First-quarter results for 2015 reflect a healthy start to the year, with improvements recorded in both net interest income and non-interest income when compared to the same quarter one year ago.
Net interest income for the quarter totaled $22.8 million, 197-thousand, or 0.9% ahead of the same quarter last year, driven by lower interest paid on deposits and other borrowed funds, and a reduction in the provision for loan losses, reflecting the strength of the Bank's loan portfolio.

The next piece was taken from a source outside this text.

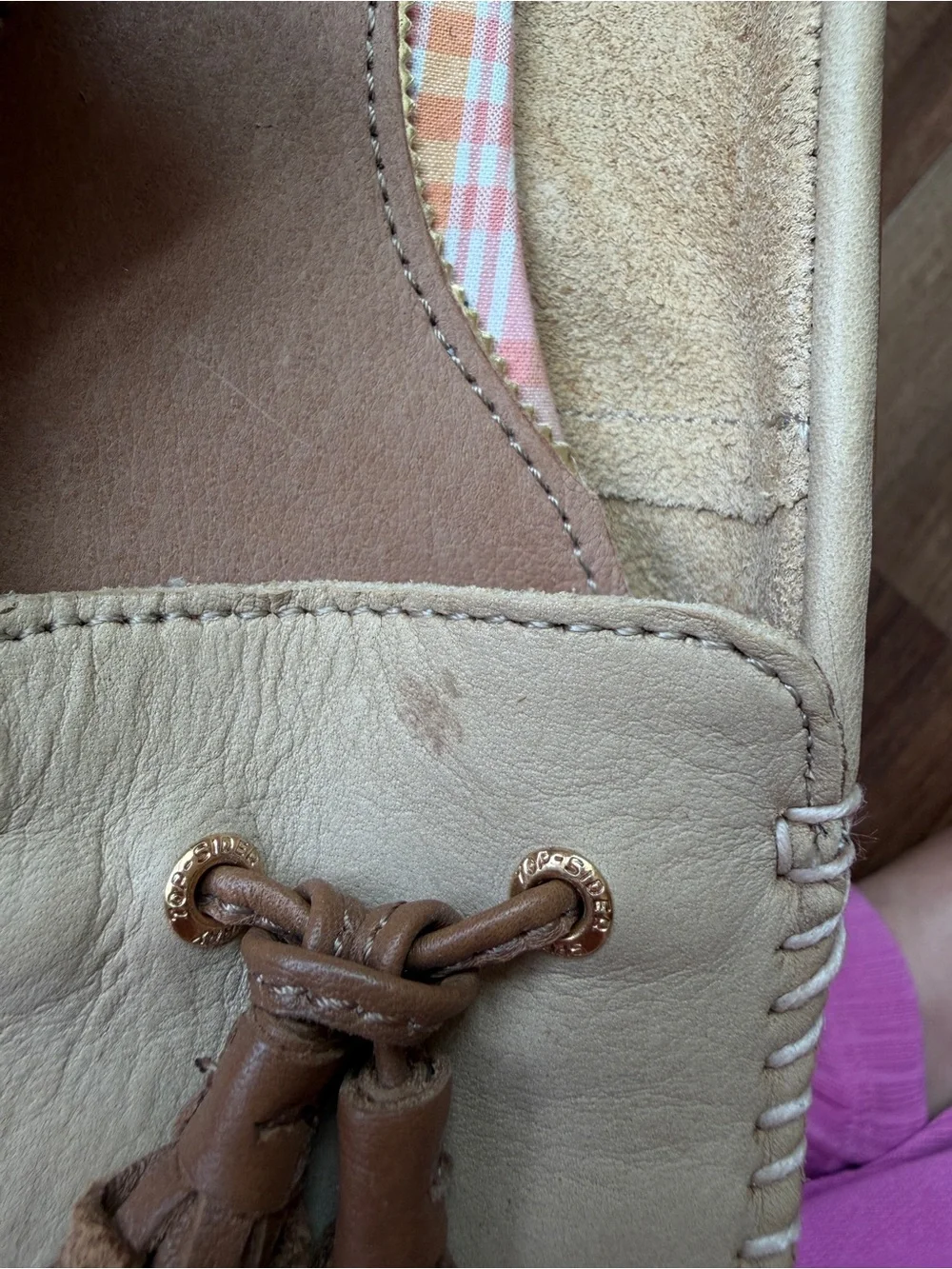 Sperry Top-Sider Women's Cream Tassel Loafers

Non-interest income for the first quarter totaled more than $3.0 million, a 9.2% increase over the same period one year ago, driven by the Bank's growing Wealth Management and Trust businesses; the volume of new consumer mortgage loans closed during the first quarter of 2015, which exceeded the amount closed in the same quarter last year, and sustained growth in income from debit card usage as more and more checking account customers turn to the convenience of using their Burke & Herbert Bank Visa® Debit Cards to make purchases.
As of March 31, total deposits stood at $2.21 billion. While slightly lower than on the same date one year ago, total deposits have grown by 2.8% since the end of 2014, reflecting a positive trend for the first three months of 2015.
To read the results in detail, download a copy of our First Quarter 2015 Earnings Report.
Burke & Herbert Bank, established in 1852, is the oldest bank in the Commonwealth of Virginia and the oldest continuously operating bank in the Washington, D.C. area. The Bank offers a full range of personal and business banking products along with investment accounts and trust and wealth management products and services. Burke & Herbert Bank is headquartered in Alexandria and operates 25 branches in Northern Virginia.
Trust products and services are not deposits, are not insured by the FDIC or any other government agency, are not guaranteed by the Bank and may lose value.